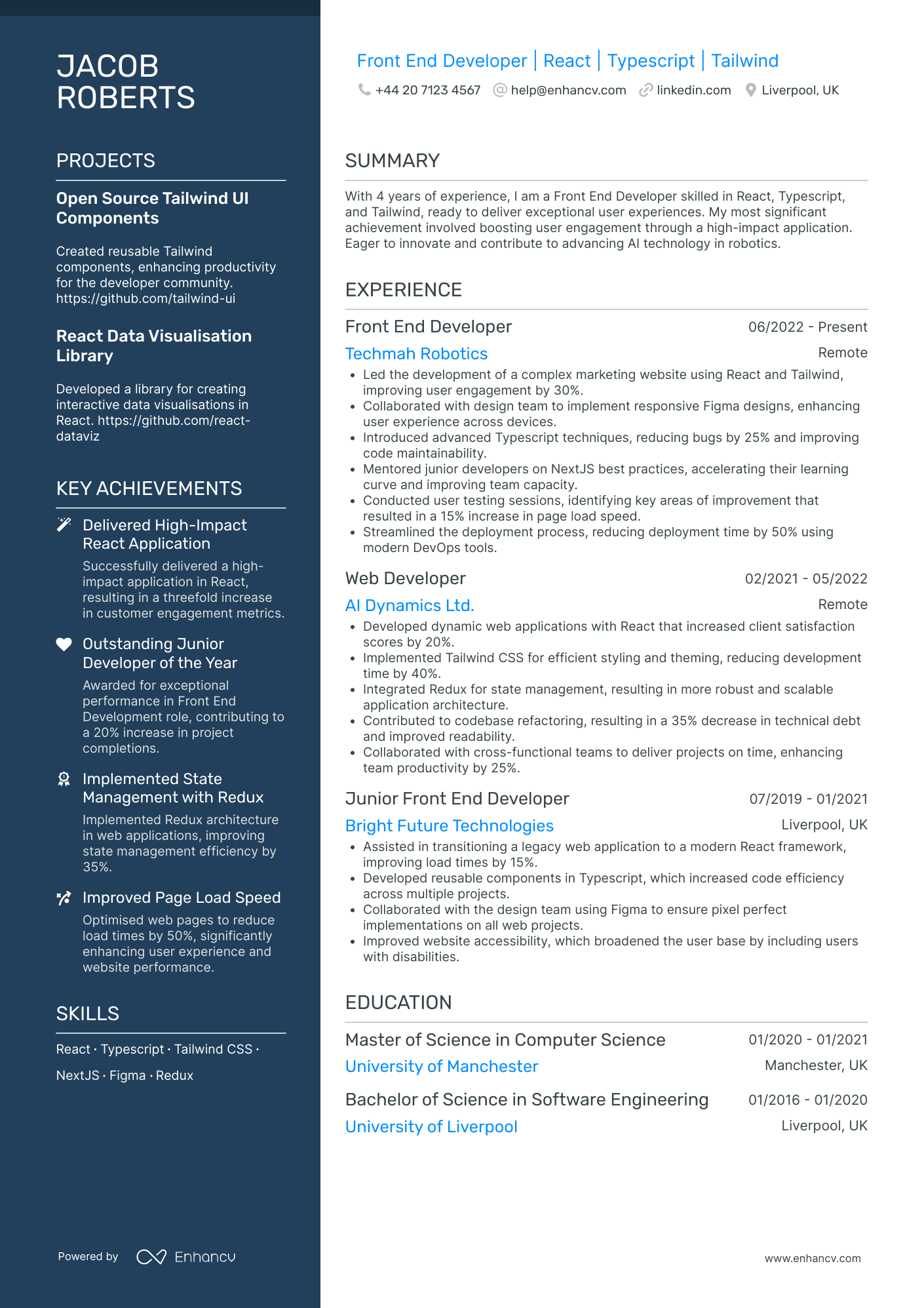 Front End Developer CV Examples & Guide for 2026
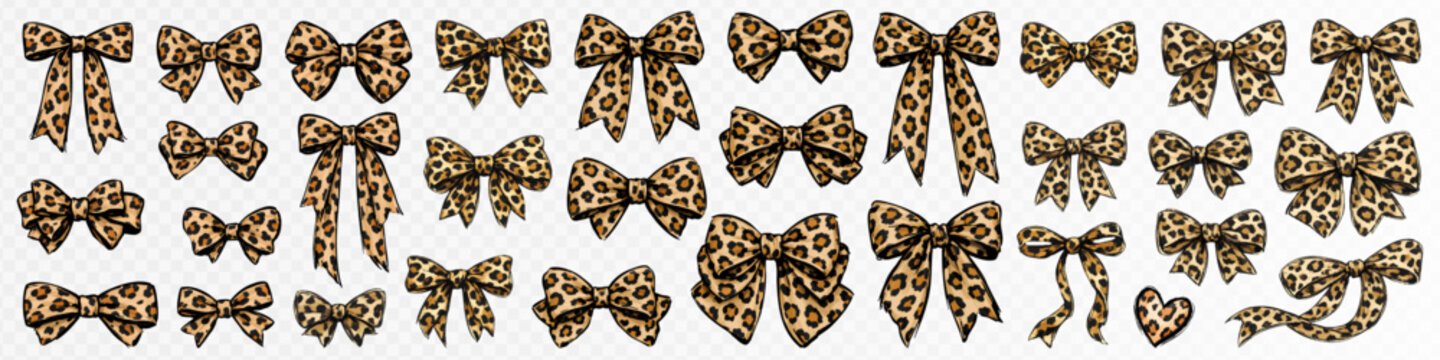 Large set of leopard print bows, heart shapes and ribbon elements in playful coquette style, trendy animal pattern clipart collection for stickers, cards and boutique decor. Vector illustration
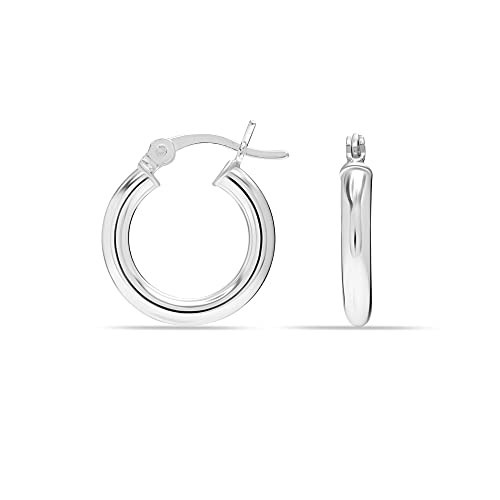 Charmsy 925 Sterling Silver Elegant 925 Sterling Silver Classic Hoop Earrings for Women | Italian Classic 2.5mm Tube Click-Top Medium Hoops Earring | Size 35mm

--

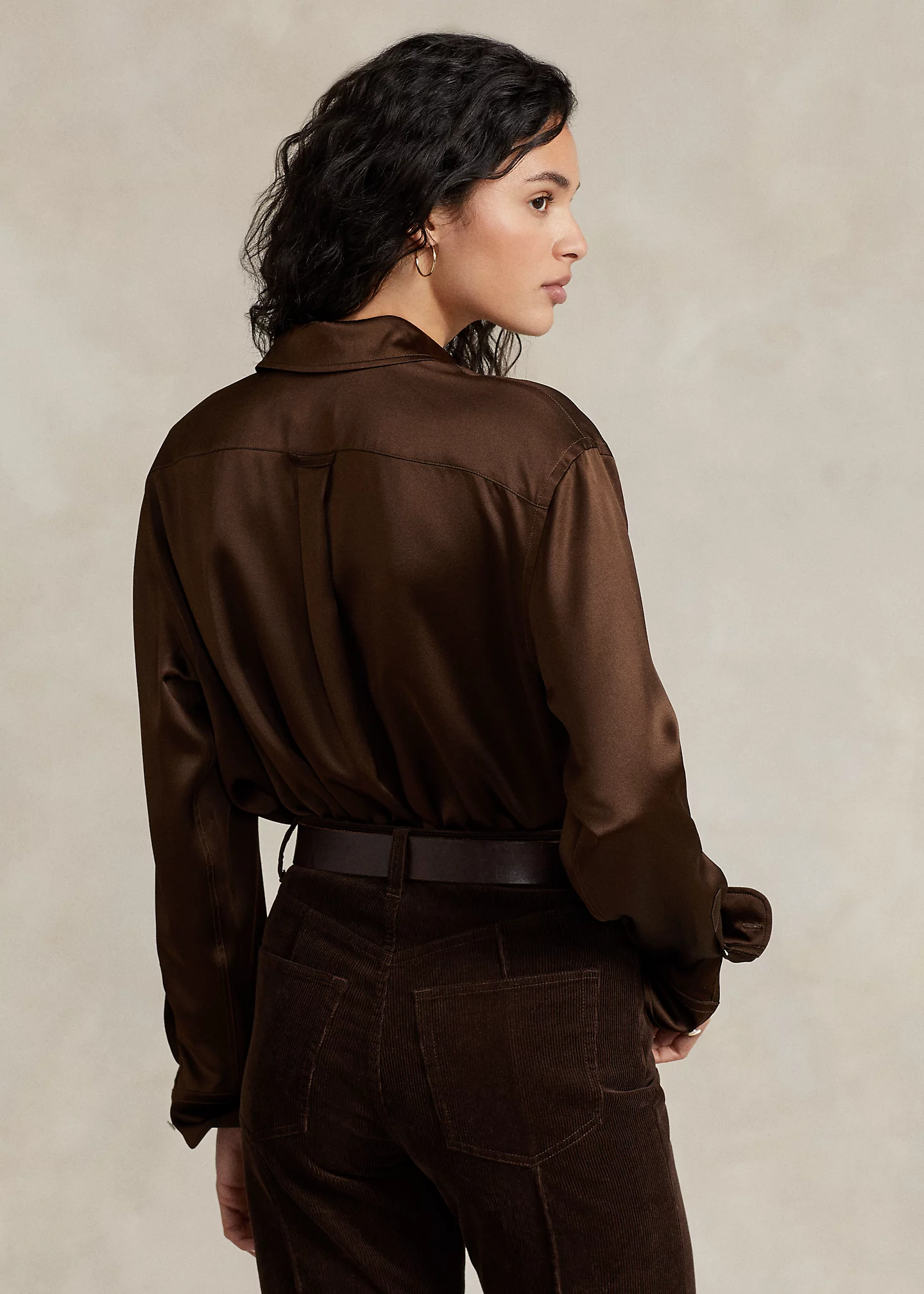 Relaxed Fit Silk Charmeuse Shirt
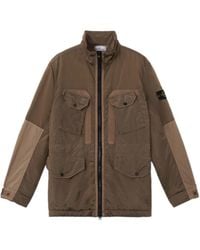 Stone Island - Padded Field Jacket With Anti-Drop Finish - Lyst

==

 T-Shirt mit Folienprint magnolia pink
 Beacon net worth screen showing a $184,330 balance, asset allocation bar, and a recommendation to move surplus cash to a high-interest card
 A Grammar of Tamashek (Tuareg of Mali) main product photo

■ **What you will do**
Above are the entries. Output exactly the lines beginning with the line that has "T-Shirt mit Folienprint magnolia pink" and ending with the line that has "A Grammar of".

■ **Response**
 T-Shirt mit Folienprint magnolia pink
 Beacon net worth screen showing a $184,330 balance, asset allocation bar, and a recommendation to move surplus cash to a high-interest card
 A Grammar of Tamashek (Tuareg of Mali) main product photo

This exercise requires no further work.